## Exercise prompt
Repeat exactly the line with "大運(yùn)風(fēng)馳后雙橋攪拌車" and each line after it to the end of the data below; pictures stay out.

Given data START

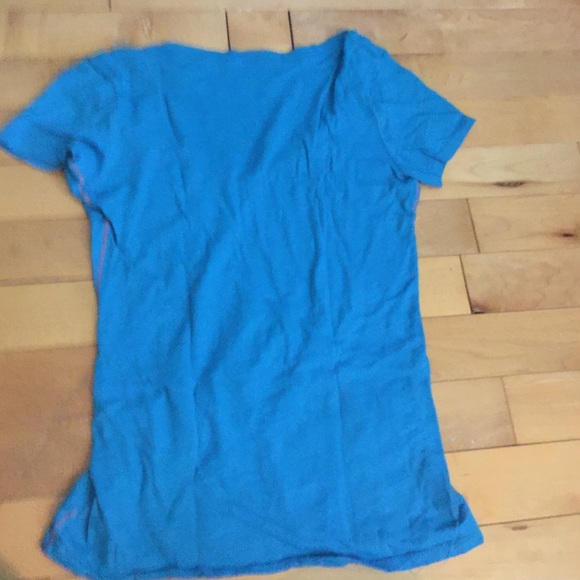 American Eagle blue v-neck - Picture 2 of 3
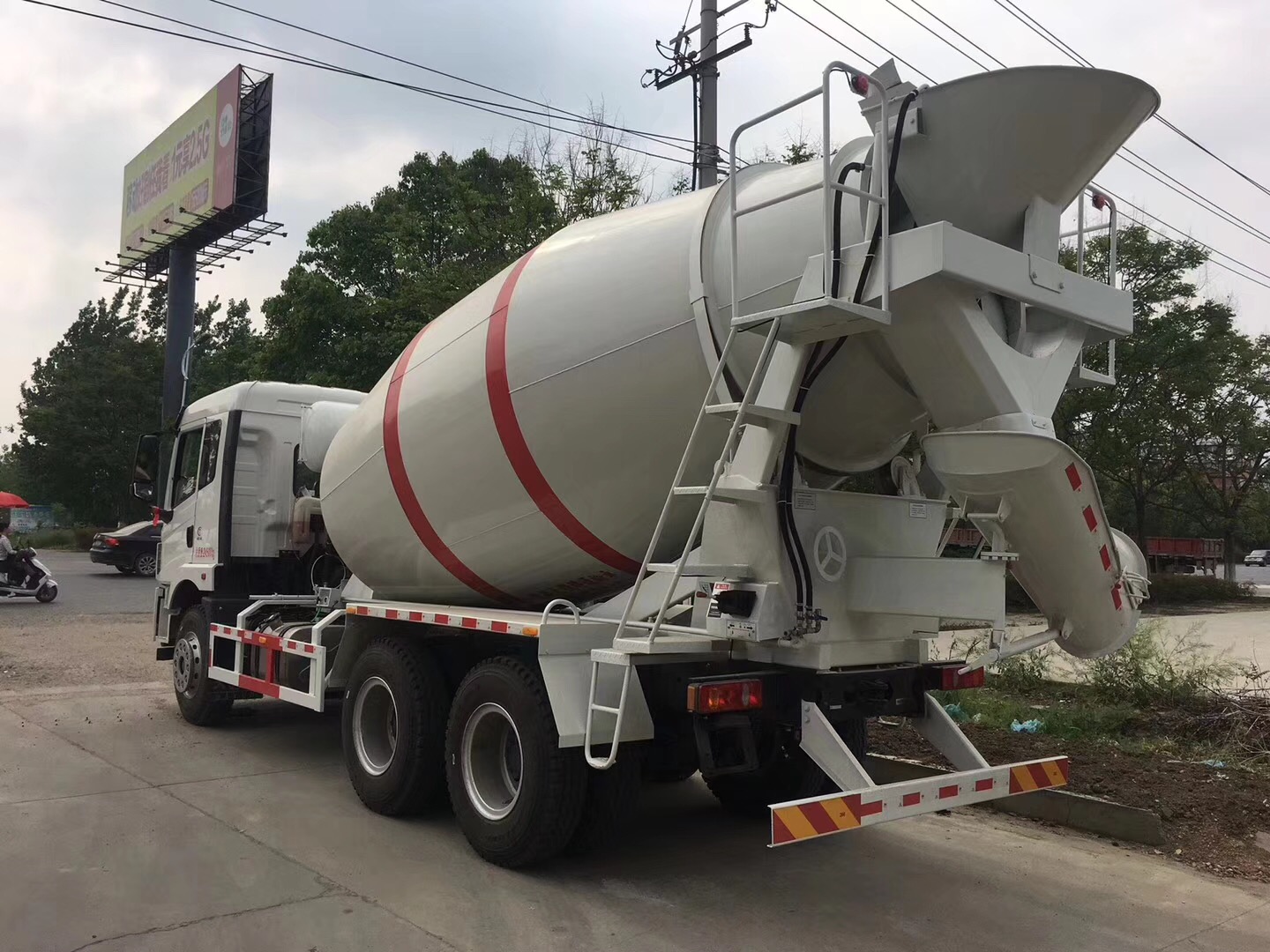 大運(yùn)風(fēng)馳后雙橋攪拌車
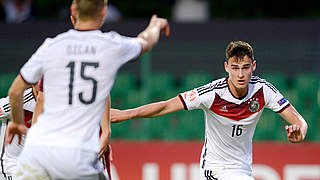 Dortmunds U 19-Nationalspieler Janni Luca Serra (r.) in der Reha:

Given data END

## Final answer
 大運(yùn)風(fēng)馳后雙橋攪拌車
 Dortmunds U 19-Nationalspieler Janni Luca Serra (r.) in der Reha:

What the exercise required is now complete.